The memo provides a summary of the analysis to be undertaken to determine patent eligibility for claims that include natural principles.
In summary, process claims having a natural principle as a limiting element or step should be evaluated by determining whether the claim includes additional elements/steps or a combination of elements/steps that integrate the natural principle into the claimed invention such that the natural principle is practically applied, and are sufficient to ensure that the claim amounts to significantly more than the natural principle itself.
Process claims that do not include a law of nature or naturally occurring phenomenon should continue to be analyzed under the PTO’s 2010 Interim Bilski Guidance.
In analyzing claims that may be implicated by this policy, examiners are to address three questions.
1. Is the claimed invention directed to a process, defined as an act, or series of acts or steps?
2. Does the claim focus on use of a law of nature, a natural phenonenon, or naturally occurring relation or correlation? (Is the natural principle a limiting feature of the claim?
3. Does the claim include additional elements/steps or a combination of elements/steps that integrate the natural principle into the claimed invention such that the natural principle is practically applied, or are sufficient to ensure that the claim amounts to significantly more than the natural principle itself? (Is it more than a law of nature + the general instruction to simply “apply it”?)
The heart of the matter, of course, is the third inquiry.
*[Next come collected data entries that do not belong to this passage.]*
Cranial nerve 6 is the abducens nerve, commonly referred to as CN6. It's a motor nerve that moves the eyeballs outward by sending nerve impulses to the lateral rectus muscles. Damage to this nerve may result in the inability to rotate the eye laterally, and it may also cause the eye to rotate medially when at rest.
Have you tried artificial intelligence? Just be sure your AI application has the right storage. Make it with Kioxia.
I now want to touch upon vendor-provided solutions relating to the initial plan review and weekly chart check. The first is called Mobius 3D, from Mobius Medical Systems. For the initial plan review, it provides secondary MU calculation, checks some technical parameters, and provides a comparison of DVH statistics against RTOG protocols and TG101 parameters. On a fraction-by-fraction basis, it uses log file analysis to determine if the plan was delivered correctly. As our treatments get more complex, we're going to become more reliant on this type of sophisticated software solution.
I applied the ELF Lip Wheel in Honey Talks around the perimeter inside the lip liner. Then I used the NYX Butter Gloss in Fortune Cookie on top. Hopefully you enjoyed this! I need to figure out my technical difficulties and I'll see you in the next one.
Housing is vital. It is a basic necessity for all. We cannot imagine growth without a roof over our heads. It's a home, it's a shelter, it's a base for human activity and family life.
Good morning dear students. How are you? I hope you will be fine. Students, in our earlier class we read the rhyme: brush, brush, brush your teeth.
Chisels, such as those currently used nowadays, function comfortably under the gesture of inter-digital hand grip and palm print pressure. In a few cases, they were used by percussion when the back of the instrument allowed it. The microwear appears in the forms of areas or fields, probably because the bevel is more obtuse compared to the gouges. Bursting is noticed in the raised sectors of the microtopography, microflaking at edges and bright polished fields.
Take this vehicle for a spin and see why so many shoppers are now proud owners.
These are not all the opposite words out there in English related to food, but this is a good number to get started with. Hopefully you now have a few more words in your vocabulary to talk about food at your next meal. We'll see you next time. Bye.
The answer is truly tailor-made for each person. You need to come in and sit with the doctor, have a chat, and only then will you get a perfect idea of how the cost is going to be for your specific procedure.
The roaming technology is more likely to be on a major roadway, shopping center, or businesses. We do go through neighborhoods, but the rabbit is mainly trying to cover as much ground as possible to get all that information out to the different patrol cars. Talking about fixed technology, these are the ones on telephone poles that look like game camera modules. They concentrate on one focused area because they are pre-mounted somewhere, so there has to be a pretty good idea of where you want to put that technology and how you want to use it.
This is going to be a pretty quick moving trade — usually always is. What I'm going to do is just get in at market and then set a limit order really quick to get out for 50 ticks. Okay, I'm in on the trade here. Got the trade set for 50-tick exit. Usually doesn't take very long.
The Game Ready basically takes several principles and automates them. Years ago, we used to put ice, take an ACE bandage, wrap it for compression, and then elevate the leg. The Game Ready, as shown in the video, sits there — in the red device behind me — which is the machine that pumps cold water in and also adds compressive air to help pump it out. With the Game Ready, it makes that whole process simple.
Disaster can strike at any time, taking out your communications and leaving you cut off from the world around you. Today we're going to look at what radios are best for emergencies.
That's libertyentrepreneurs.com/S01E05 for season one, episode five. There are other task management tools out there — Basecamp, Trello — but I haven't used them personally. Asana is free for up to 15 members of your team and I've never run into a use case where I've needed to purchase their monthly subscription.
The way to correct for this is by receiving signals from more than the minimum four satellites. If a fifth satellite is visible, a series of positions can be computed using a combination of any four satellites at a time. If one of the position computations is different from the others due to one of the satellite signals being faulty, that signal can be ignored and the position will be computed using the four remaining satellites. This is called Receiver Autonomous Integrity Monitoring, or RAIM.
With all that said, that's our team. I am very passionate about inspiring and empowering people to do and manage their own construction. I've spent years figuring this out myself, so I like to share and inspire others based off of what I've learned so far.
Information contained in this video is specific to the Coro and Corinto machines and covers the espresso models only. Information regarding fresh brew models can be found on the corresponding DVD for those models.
The memo provides a number of examples taken from judicial opinions and others to attempt ot provide guidance on this inquiry.
Responses to rejections based on this inquiry may include amendments to add additional steps or amend existing steps or acts that are not merely conventional or well-known (this is based on the Supreme Court’s confusion of prior art and patentable subject matter).
The bottom line is that this analysis is confusing and difficult to determine. The PTO did a decent job of providing this guidance given that the Supreme Court’s opinion is not a model of clarity on how to handle these issues.
The memo continues to emphasize that under the principles of compact prosecution, examiners should also examine these claims for patentability under the other sections of the Patent Act as well. Only in the most extreme cases would a § 101 rejection alone be appropriate.